Neural ODE control for classification, approximation and transport

TL;DR

This paper applies control theory to Neural ODEs to analyze their capabilities in classification and approximation, providing constructive proofs and linking neural transport to optimal transport.

Contribution

It introduces a control-theoretic framework for Neural ODEs, offering nonlinear, constructive proofs for classification and approximation, applicable to ReLU activations.

Findings

Control strategies can classify data by controlling NODEs from initial to label-specific subdomains.

The nonlinear properties of NODEs enable finite-step transformations using hyperplanes.

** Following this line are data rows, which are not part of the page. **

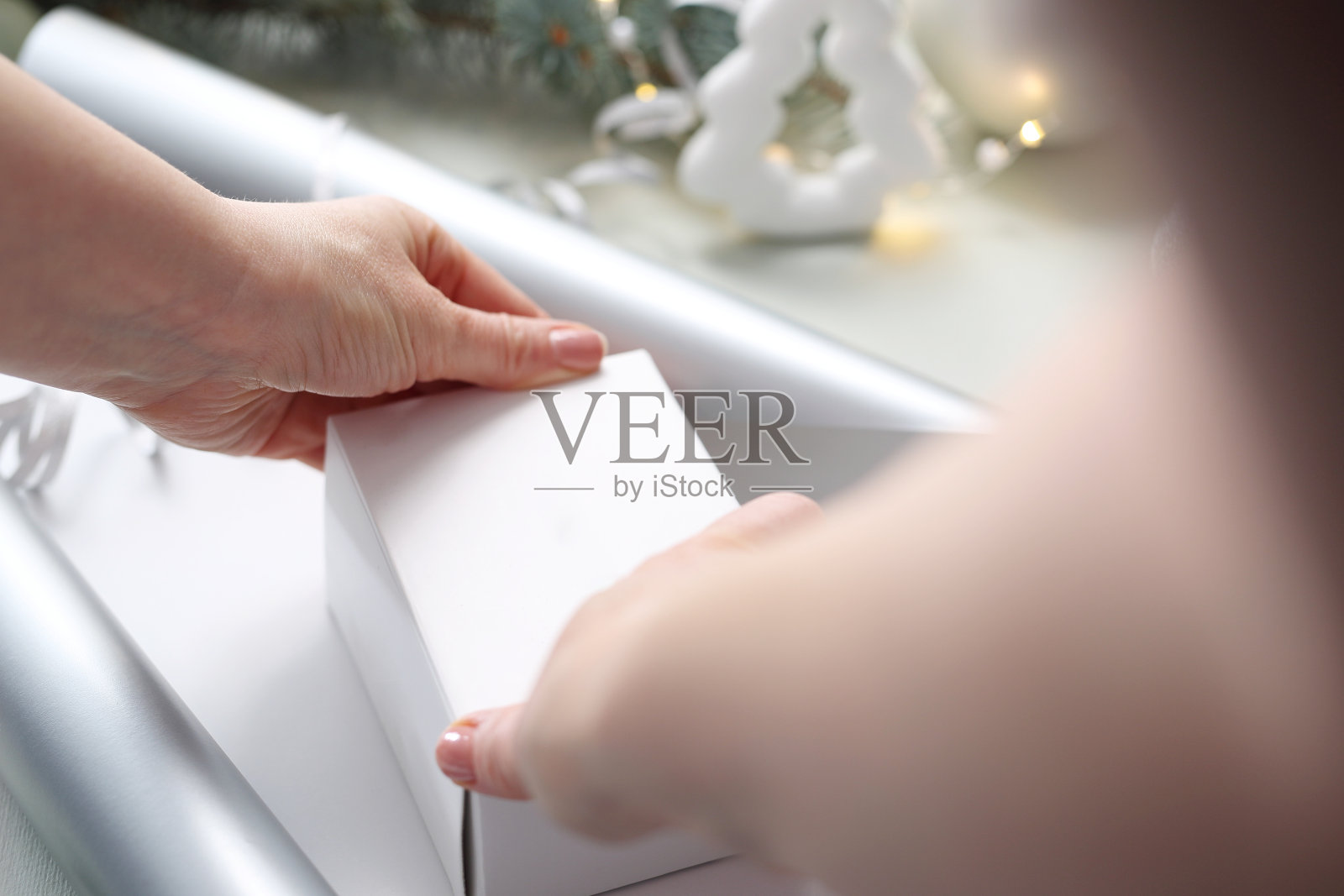 节日礼物。在圣诞树下，一位妇女用银纸包着礼物。照片摄影图片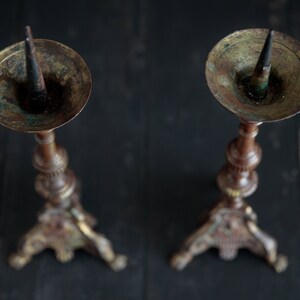 Puede incluir: Dos candelabros antiguos de lat&oacute;n con detalles ornamentados y una p&aacute;tina oscura. Cada candelabro tiene una punta puntiaguda para sujetar una vela.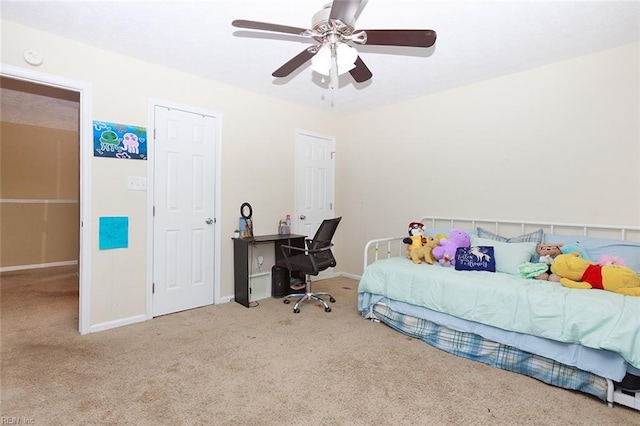 bedroom with carpet, baseboards, and ceiling fan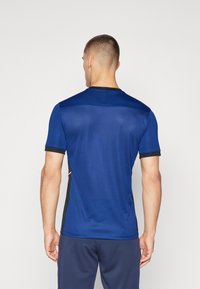 Blå treningsskjorte med korte ermer, svarte detaljer på ermene og sidene, glatt tekstur, rund hals, og pustende stoffdesign.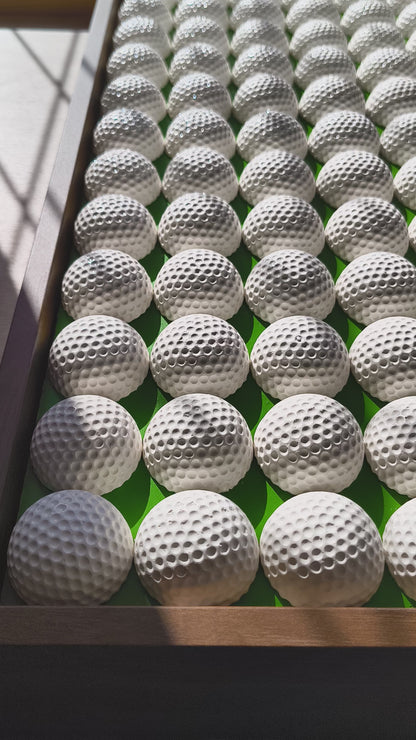 Golfball - 3D Kunst; Weißes Golfball Bild mit rotem Akzent auf grünem Hintergrund; 53x53 cm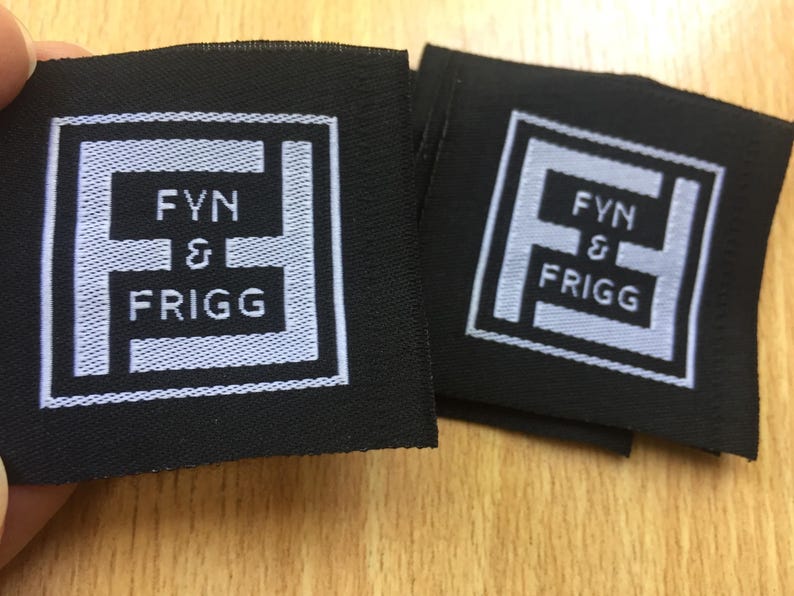 May include: Two square black fabric labels featuring a white embroidered logo. The design consists of a stylized letter F inside a square border, with the text FYN & FRIGG centered within the letter. The embroidery is clean and clearly defined.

Results connect neural transport equations with optimal transport theory.

Abstract

We analyze Neural Ordinary Differential Equations (NODEs) from a control theoretical perspective to address some of the main properties and paradigms of Deep Learning (DL), in particular, data classification and universal approximation. These objectives are tackled and achieved from the perspective of the simultaneous control of systems of NODEs. For instance, in the context of classification, each item to be classified corresponds to a different initial datum for the control problem of the NODE, to be classified, all of them by the same common control, to the location (a subdomain of the euclidean space) associated to each label. Our proofs are genuinely nonlinear and constructive, allowing us to estimate the complexity of the control strategies we develop. The nonlinear nature of the activation functions governing the dynamics of NODEs under consideration plays a key role in our proofs, since it allows deforming half of the phase space while the other half remains invariant, a property that classical models in mechanics do not fulfill. This very property allows to build elementary controls inducing specific dynamics and transformations whose concatenation, along with properly chosen hyperplanes, allows achieving our goals in finitely many steps. The nonlinearity of the dynamics is assumed to be Lipschitz. Therefore, our results apply also in the particular case of the ReLU activation function. We also present the counterparts in the context of the control of neural transport equations, establishing a link between optimal transport and deep neural networks.